ASSIGNED TASK:
Reproduce each line from the records that holds "Home".

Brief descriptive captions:
=======

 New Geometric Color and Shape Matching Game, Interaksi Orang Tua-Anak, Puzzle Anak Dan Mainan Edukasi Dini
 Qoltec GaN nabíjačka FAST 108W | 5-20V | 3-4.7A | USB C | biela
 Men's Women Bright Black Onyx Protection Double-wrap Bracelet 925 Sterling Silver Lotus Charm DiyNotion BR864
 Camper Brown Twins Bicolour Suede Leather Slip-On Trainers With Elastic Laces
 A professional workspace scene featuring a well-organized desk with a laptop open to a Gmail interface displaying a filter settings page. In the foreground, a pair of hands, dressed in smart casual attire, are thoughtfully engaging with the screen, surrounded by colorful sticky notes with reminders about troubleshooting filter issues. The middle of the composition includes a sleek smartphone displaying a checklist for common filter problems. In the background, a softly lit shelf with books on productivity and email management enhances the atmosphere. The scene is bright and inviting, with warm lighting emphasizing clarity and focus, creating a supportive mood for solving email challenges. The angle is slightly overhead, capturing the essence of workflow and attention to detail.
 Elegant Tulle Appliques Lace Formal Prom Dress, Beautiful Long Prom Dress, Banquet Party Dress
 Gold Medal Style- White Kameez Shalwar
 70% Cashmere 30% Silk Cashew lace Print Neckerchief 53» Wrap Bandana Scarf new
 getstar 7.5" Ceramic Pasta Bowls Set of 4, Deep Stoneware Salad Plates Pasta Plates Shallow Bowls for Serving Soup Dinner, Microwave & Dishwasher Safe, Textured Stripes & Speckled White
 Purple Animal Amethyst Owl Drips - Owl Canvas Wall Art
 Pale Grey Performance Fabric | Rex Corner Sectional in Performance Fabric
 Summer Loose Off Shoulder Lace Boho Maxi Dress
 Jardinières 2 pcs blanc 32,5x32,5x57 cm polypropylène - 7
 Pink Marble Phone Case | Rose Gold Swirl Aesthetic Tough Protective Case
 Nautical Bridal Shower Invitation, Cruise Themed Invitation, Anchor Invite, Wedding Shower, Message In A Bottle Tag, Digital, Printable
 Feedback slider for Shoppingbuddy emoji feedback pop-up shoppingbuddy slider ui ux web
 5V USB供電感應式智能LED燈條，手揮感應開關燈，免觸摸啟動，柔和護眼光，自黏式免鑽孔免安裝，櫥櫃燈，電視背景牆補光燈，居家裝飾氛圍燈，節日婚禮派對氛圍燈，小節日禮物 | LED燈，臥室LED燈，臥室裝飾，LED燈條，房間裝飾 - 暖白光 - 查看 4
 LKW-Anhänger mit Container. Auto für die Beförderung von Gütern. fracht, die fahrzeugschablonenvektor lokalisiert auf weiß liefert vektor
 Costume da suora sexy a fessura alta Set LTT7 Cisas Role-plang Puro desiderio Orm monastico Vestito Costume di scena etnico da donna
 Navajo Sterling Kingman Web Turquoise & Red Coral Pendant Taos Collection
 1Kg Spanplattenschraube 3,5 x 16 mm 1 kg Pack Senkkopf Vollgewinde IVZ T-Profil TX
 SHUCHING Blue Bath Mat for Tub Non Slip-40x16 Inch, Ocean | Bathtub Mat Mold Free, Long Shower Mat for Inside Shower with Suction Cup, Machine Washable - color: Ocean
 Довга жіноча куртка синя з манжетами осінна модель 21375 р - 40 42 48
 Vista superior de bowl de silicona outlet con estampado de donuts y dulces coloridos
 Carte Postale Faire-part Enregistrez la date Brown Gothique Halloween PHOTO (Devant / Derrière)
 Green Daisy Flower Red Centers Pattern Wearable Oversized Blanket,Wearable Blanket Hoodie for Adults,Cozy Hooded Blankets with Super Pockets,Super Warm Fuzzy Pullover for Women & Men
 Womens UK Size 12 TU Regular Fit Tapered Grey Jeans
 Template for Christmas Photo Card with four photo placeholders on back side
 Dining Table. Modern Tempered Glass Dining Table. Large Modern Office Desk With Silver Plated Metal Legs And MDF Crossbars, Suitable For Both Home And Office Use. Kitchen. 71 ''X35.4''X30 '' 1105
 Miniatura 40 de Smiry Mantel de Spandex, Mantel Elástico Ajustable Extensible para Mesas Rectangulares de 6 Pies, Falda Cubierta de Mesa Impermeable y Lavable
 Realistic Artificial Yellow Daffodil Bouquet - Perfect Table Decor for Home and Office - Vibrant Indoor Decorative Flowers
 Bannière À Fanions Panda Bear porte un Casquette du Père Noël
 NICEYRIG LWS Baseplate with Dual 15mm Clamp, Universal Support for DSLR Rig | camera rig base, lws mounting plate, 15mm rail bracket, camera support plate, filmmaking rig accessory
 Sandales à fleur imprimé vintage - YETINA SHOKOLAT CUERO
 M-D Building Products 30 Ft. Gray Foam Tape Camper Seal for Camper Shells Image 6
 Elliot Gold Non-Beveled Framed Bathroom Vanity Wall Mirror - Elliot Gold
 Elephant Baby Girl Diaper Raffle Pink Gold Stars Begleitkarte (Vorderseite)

=======

EXERCISE ANSWER:
 Dining Table. Modern Tempered Glass Dining Table. Large Modern Office Desk With Silver Plated Metal Legs And MDF Crossbars, Suitable For Both Home And Office Use. Kitchen. 71 ''X35.4''X30 '' 1105
 Realistic Artificial Yellow Daffodil Bouquet - Perfect Table Decor for Home and Office - Vibrant Indoor Decorative Flowers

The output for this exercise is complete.